How Trucking Has Changed The World


 

Trucks, in many ways, have become the symbol of the United States and United States culture. There’s really nothing quite like the feeling of driving off the lot of the new car dealership in your brand new pickup truck and thinking all of uses you are going to have for your new truck. They’ve become the symbol of strength, the open road and industry and for good reason. After all, the pickup truck has been used to ferry goods across the wide expanse of the country, they’ve been used to grow and change and strengthen industry. It wasn’t always this way, though. The truck might seem like a classic example of Americana but this wasn’t always the case. To better understand this symbol, we’ve got to go back to a time before trucks, to a time before most vehicles and fast moving transports. We’ve got to back when moving heavy objects was not only hard, it was downright impossible with the mass use of human and animal labor. The precursor of the modern day pick up truck wasn’t fully the car, after all. It was, of course, as much as old cars are the precursor to more modern cars but, in fact, the spirit of the truck itself goes back to a time much older than even the oldest cars. You see, we’ve always needed some way of transporting goods over vast and difficult distances. That’s been a need since the beginning of civilization and for most of civilization’s history, it was feasible only through two ways. There was no way to buy new trucks back then, or used trucks, or a used car or any car or personal motorized transport. They simply didn’t exist. The only way to do with without a huge number of human beings in mass or through a lot of cattle or horses was through the ship. The invention of the galleon and other ships somewhere around the thirteenth and fourteenth centuries was a huge leap forward for middle aged society and ushered in the age of exploration. Ships were the way to go for hundreds of years in the interim and were the tools that eventually led Europeans, the Chinese and others to many different cultures and places.
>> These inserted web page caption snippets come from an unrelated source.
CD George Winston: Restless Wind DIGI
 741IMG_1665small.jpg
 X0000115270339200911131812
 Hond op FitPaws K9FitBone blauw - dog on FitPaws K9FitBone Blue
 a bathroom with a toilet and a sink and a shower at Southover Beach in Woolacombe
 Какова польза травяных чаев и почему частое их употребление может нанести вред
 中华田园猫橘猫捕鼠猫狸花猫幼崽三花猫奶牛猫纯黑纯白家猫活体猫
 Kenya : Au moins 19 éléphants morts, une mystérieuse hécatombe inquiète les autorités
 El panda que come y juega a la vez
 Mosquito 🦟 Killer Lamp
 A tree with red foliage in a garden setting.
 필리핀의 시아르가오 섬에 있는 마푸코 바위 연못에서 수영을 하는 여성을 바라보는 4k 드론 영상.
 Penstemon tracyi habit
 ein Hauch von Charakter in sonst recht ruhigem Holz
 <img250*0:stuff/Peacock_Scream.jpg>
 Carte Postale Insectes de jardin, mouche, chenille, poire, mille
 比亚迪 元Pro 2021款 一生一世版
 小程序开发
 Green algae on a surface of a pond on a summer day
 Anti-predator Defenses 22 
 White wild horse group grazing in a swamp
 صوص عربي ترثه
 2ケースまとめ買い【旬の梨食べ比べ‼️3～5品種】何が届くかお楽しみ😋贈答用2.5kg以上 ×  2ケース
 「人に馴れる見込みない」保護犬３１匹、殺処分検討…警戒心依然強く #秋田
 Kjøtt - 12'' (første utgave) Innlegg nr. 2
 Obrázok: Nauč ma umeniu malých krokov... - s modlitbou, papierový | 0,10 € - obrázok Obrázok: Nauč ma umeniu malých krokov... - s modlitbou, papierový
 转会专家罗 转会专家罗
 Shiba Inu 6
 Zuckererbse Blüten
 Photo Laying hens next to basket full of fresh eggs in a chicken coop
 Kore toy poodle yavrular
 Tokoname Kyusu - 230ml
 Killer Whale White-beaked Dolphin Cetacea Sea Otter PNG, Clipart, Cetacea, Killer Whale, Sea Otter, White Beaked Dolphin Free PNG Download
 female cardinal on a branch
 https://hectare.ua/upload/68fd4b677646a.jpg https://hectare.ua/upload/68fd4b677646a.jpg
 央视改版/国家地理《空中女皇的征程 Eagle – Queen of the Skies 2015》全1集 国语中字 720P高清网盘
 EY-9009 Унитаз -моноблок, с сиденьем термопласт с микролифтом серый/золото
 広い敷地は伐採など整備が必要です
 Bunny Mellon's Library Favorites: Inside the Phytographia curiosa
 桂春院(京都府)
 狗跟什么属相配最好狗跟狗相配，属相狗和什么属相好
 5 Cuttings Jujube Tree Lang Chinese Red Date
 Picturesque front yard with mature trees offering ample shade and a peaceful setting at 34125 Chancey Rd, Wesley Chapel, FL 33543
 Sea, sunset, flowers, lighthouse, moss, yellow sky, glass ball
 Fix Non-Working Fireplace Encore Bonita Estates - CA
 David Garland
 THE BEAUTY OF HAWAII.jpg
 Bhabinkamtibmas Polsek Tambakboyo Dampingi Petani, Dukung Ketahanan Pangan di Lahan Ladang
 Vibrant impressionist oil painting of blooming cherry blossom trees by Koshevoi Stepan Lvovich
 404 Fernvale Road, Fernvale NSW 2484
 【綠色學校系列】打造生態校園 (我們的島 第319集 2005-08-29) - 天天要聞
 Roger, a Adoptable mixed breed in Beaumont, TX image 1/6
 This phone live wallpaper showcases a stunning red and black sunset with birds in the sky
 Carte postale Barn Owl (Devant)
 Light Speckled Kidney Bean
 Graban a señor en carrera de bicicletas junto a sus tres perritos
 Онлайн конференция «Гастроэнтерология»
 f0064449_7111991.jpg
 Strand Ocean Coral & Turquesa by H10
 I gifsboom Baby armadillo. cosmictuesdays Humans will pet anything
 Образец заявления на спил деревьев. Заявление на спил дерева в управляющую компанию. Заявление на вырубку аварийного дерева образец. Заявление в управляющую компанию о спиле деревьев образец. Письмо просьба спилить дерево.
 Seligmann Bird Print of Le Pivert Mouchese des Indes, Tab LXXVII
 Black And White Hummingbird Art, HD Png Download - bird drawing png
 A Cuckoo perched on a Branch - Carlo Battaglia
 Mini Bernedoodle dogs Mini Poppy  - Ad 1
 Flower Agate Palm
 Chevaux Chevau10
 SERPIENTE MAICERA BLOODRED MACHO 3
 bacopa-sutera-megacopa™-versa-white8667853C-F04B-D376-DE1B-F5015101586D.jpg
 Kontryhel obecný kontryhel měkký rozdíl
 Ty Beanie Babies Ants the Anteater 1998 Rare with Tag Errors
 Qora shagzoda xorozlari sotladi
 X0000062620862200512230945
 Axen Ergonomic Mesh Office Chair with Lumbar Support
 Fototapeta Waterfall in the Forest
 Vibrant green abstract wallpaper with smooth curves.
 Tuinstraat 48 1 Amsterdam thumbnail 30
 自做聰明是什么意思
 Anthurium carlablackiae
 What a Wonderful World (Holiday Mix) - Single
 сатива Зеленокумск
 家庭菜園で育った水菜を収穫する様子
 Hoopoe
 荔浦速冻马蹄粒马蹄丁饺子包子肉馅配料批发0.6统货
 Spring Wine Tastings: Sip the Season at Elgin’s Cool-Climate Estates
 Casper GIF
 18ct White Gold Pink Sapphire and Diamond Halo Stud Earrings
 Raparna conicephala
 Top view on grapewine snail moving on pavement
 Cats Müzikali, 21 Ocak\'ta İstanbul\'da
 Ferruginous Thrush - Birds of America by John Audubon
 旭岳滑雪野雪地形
But it wasn’t even the passenger or cargo ship that led to the invention of the truck that we know. It was something similar but also a little different.
On the Tracks
As previously stated, there was no new car dealership where you could buy a truck back then. Without a new car dealership or any place that sold or built mass transportation inventions, it was up to intrepid inventors to try and come up with something that could be used to move large amounts of goods at once that wasn’t a regular ship or a steamship. In fits and starts, however, through the industrial revolution and through other breakthroughs, they came up with it. The steam train, a huge powerhouse engine on wheels that just need a track to run. The steam train was really the first overland vehicle that could transport massive amounts of cargo and goods, whether it be lumber, coal, tea, spices, crops, from one place to another. From one state to another. At first, trains could only go in relatively flat areas that were already accessible to animal transportation but eventually the train companies learned how to build tracks up mountains, how to cross difficult terrain while still having trick integrity. The train revolution really was underway.
The Modern Day Truck
Of course, today we have the new car dealership, planes, huge metal ships and other vehicles that can transport just as much as the train. But we still have an affinity for trucks and trucking in a special way, the spiritual successor of the old steam train that revolutionized the American west. Now, the truck is the powerhouse machine that has changed how we move cargo and build industry. The symbol of strength will continue on and eventually change to something else but we never forget the past. Trucks will always hold a special place in our hearts.